NEW YORK – New research suggests that while polygenic risk scores (PRS) show promise for predicting several common conditions in individuals of European ancestry, they appear to have relatively poor transferability to other ancestry groups, particularly those with African ancestry.

"Our findings indicate that in the populations investigated, the current genome-wide polygenic scores for common diseases have potential for clinical utility within different healthcare settings for individuals of European ancestry, but that the utility in individuals of African ancestry is currently much lower," senior and corresponding author Samuli Ripatti, a researcher affiliated with the University of Helsinki's Institute for Molecular Medicine and the Broad Institute, and his colleagues wrote in Cell Genomics on Wednesday.

In its publication, the team outlined findings from PRS analyses done with genome-wide association study summary statistics from half a dozen biobank cohorts: the BioBank Japan, the Estonian Biobank, FinnGen, the Trondelag Health Study, the Mass General Brigham Biobank, and the UK Biobank.

Using data for nearly 807,800 European ancestry individuals and more than 195,500 participants with non-European ancestry from these cohorts, the researchers assessed the performance and cross-ancestry transferability of established risk scores for four common conditions: coronary artery disease, type 2 diabetes, breast cancer, and prostate cancer.

Although the PRSs showed some transferability among individuals of European descent, including structured populations within Finland, the team saw much more modest transferability to individuals with South Asian or East Asian ancestry, and particularly poor PRS transferability for individuals with African ancestry.

"What our results now show is that PRSs in these diseases identify well high-risk individuals with European ancestry in Finland, Estonia, UK, Norway, or Massachusetts, but also high-risk individuals with South or East Asian ancestry," Ripatti explained in an email. "However, we need to work hard to advance risk prediction … for African ancestry individuals to ensure equitable use of genetic prediction for everybody."

PRS transferability was somewhat better for risk scores developed with many disease-related variants across the genome compared to PRSs based on more limited variant sets, the investigators noted.
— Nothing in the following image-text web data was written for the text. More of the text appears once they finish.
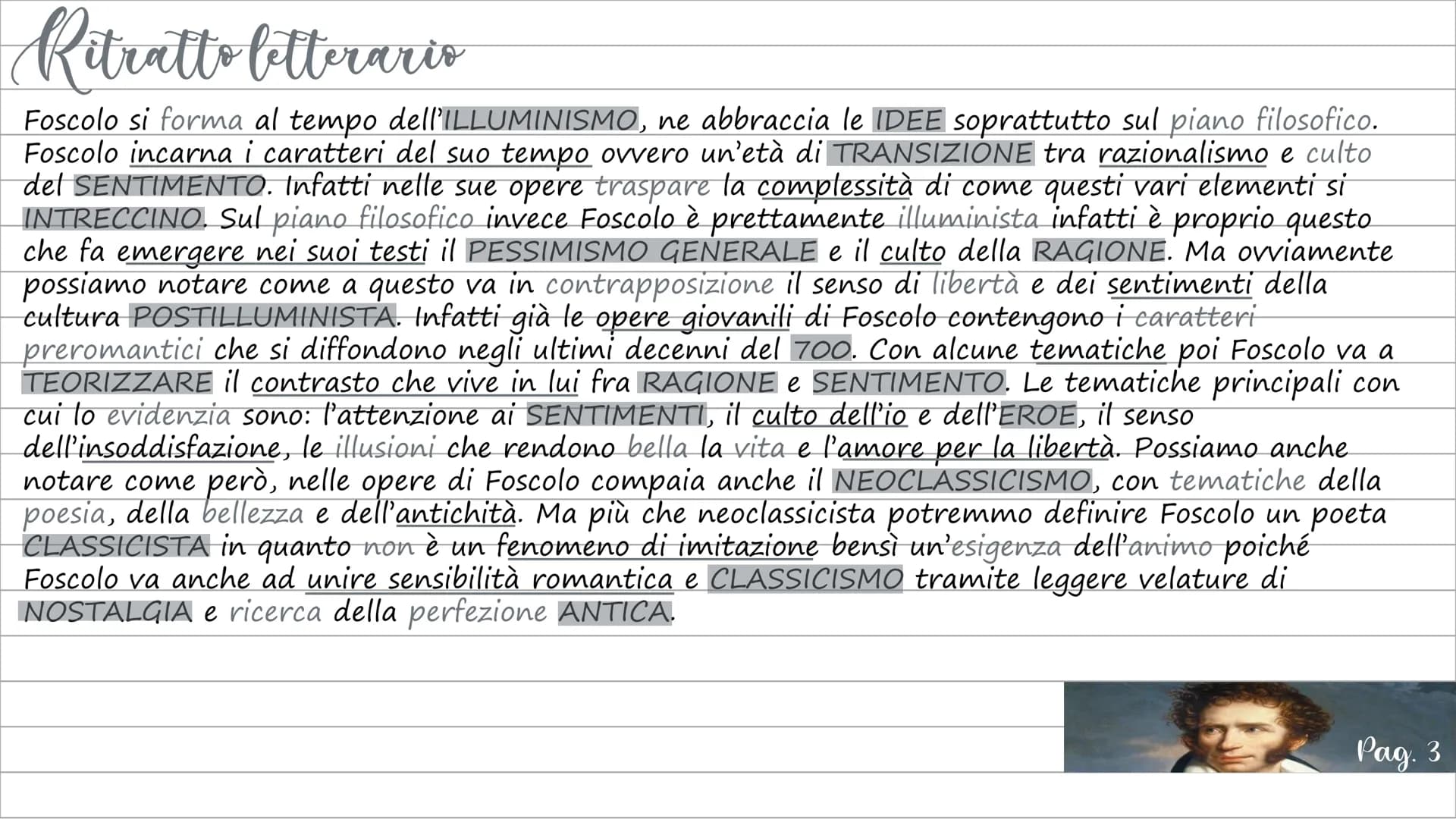 
<p>Ugo Foscolo visse in un periodo di forti contrasti, a cavallo tra il settecento e l'ottocento, caratterizzato dalla Rivoluzione Francese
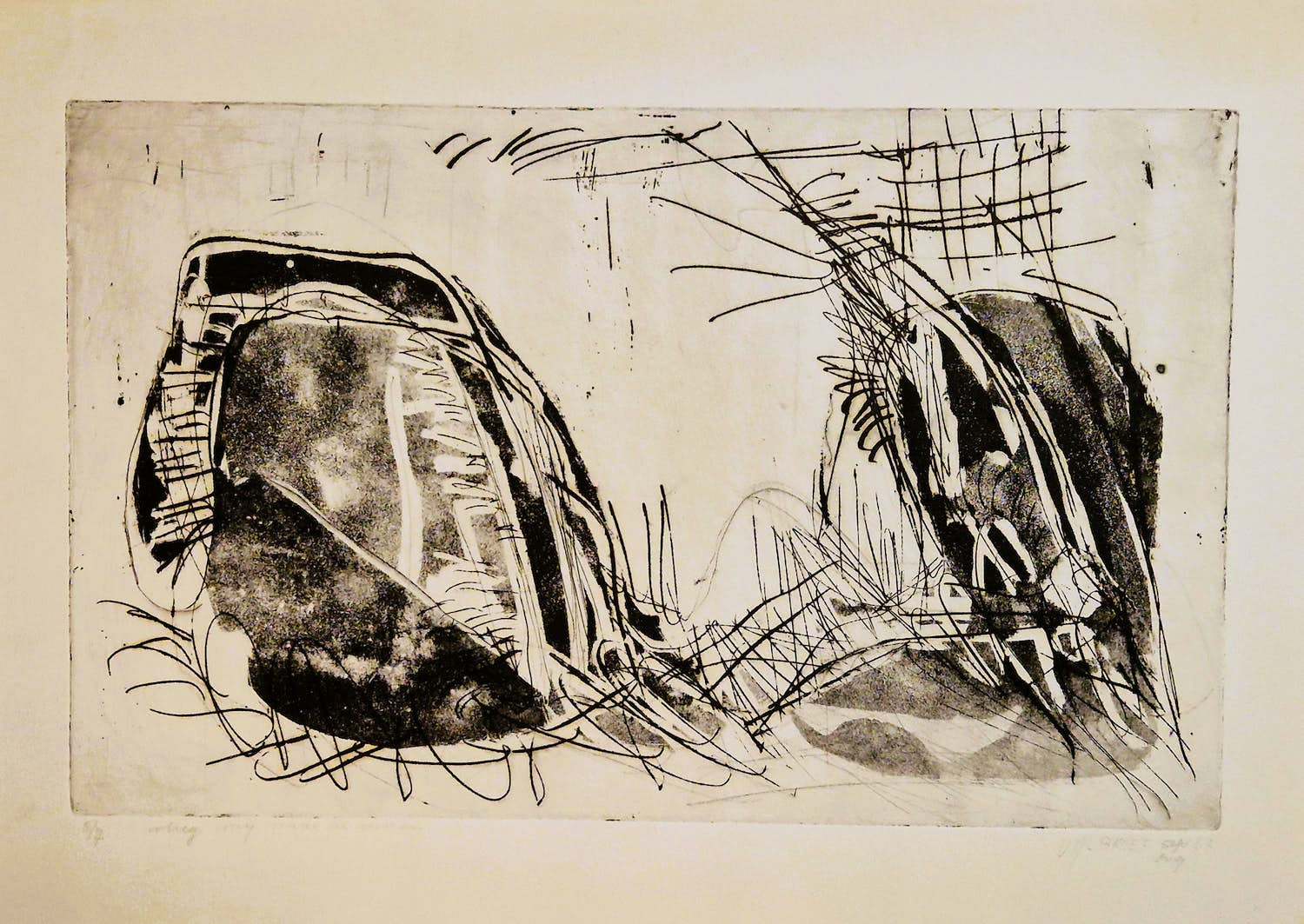 Ernst Vijlbrief - Zeer kleine oplage (7) "vlieg mij naar de maan" Ets/Aquatint - 1963 verkocht voor € 36!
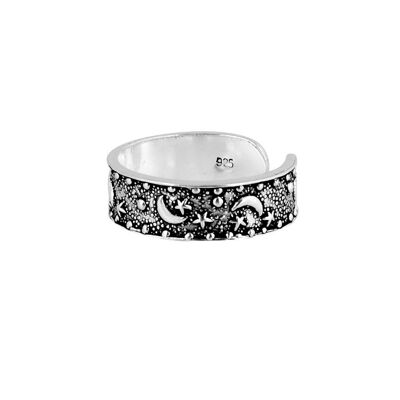 Moon And Star Sterling Silver Ring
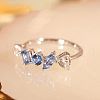 Rectangle Horse Eye Triangle Brass Micro Pave Clear & Blue Cubic Zirconia Finger Rings for Women FS-WG723F9-04-3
Even so, they explained, the results underscore the importance of expanding the ancestral and population diversity of genetic studies that are being used to develop genetic risk scores.

"Without prioritizing diversity in PRS evaluations and translation efforts," the authors wrote, "widely adopting PRSs to clinical care may exacerbate health disparities, and efforts to overcome the lack of diversity have great potential to improve health outcomes across ancestries."

In particular, Ripatti noted that there is a need for "global networks of genetic studies" — such as artificial intelligence-aided human genetics work by the international INTERVENE consortium that is coordinated by the University of Helsinki — to ensure comprehensive representation for diverse and admixed individuals in genetic studies, including those used to develop and test PRS scores and algorithms.